Figure 3.. BMAL1 Regulates Astrocyte Activation via a Glutathionylation-Dependent Mechanism

(A) Astrocyte-specific genes upregulated in Nestin-Cre⁺;Bmal1^f/f(NBmal1 KO) cortexand changes to the same genes in Per1/2^mut mice. Transcripts upregulated at least 2-fold in NBmal1 KO were compared to the top 200 astrocyte-specific genes (Zhang et al., 2014), and overlapping genes are displayed. Other notable genes implicated in astrocyte activation and function were upregulated in NBmal1 KO cortex (bottom). The clock-controlled genes Dbp and Nr1d1 are direct Bmal1 transcriptional targets. (B) Expression of neurotoxic, neurotrophic, and pan-reactive astrocyte activation genes (Liddelow et al., 2017) in 5-month-old global Bmal1 KO versus WT littermate hippocampus assayed by microfluidic qPCR. Each data point represents the average of 4 Bmal1 KO mice normalized to the average of 4 WT littermates. (C) Results from Ingenuity Pathway Analysis canonical pathway analysis of NBmal1 KO microarray data. Pathways related to glutathione homeostasis are colored blue. (D) Expression levels for downregulated glutathione-S-transferases in NBmal1 KO cortex versus Bmal1^f/fcontrols. Expression levels in Per1/2^mut cortex included for comparison (based on microarray data). (E) qPCR illustrating effect of glutathione manipulation on Gfap transcript levels following Bmal1 knockdown. WT primary astrocytes treated with control siRNA (siSCR, gray bars) or siBmal1 (blue bars), with or without N-acetyl-cysteine (NAC; striped bars) to increase glutathione levels, or buthionine sulfoxime (BSO; speckled bars) to deplete glutathione. n = 9 samples/condition from 3 separate experiments. (F) WT astrocytes transfected with siSCR, siBmal1, or siSCR +BSO (BSO) were treated with biotin-linked glutathione ethyl ester (bioGEE) to assess glutathionylation. Increased band intensity indicates decreased endogenous glutathionylation. Arrows denote altered bands. NT, not treated with bioGEE, showing nonspecific labeling. (G) qPCR depicting effects of NAC treatment on Gfap transcript levels in cortex of inducible Bmal1 KO mice (CAG-Cre^ERT2+;Bmal1^f/f). Inducible Bmal1 KO mice and Cre− control littermates were treated with NAC before, during, and after 5-day tamoxifen treatment to delete Bmal1. Mice were harvested 9 days after the start of tamoxifen. n = 6–10 mice per group. All data represent mean + SEM. *p < 0.05, ***p < 0.001 by t test with Holm-Sidak correction for multiple comparisons.
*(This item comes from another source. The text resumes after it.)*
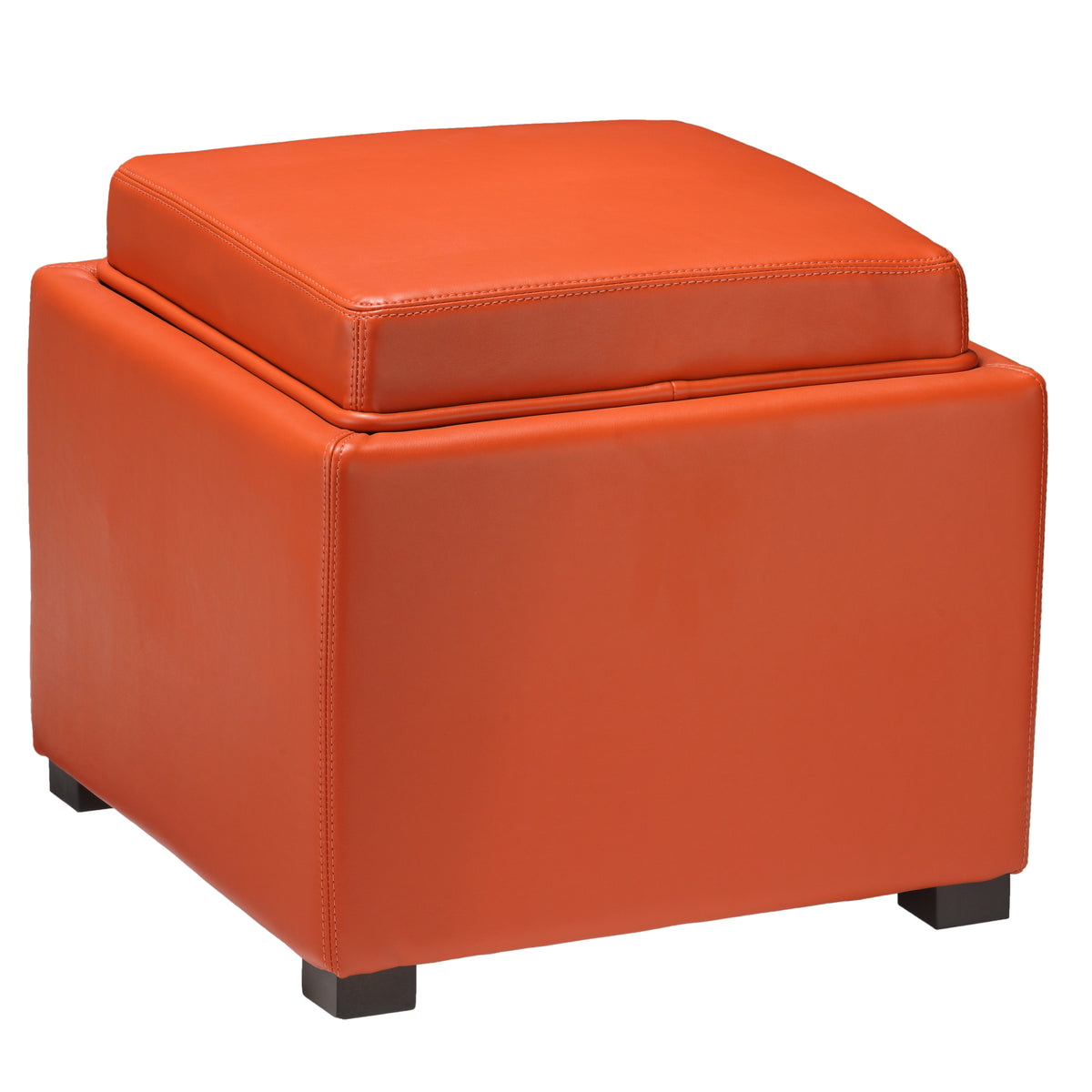 Cortesi Home Mavi Storage Tray Ottoman in Bonded Leather, Orange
Figure 4.. Loss of Bmal1 Impairs Astrocytic Support of Neurons

(A) Diagram depicting co-culture experimental design. DIV, days in vitro; TAM, tamoxifen. (B) Representative images showing NeuN+ WT neuronal nuclei at DIV 1 and 7, grown on primary astrocytes from Cre− control mice, or inducible Bmal1 kO mice (iCAG-Cre+) treated with tamoxifen in vitro. Scale bar, 100 μm. (C) Quantification of NeuN+ nuclei from (B) normalized to NeuN counts from Cre− condition, n = 8 replicates from 2 independent experiments. (D) Representative images of MAP2+ WT neurons grown as in (B) at DIV 12. Lower panels show neurons from adjacent wells treated for 24 hr with hydrogen peroxide at DIV 11 (H₂O₂, 100 μM). Scale bar, 100 μm. (E) Quantification of MAP2 immunoreactivity (percent area) from (D). n = 9 replicates from 3 independent experiments. All data represent mean ± SEM. *p < 0.05, **p < 0.01 by 2-tailed t test.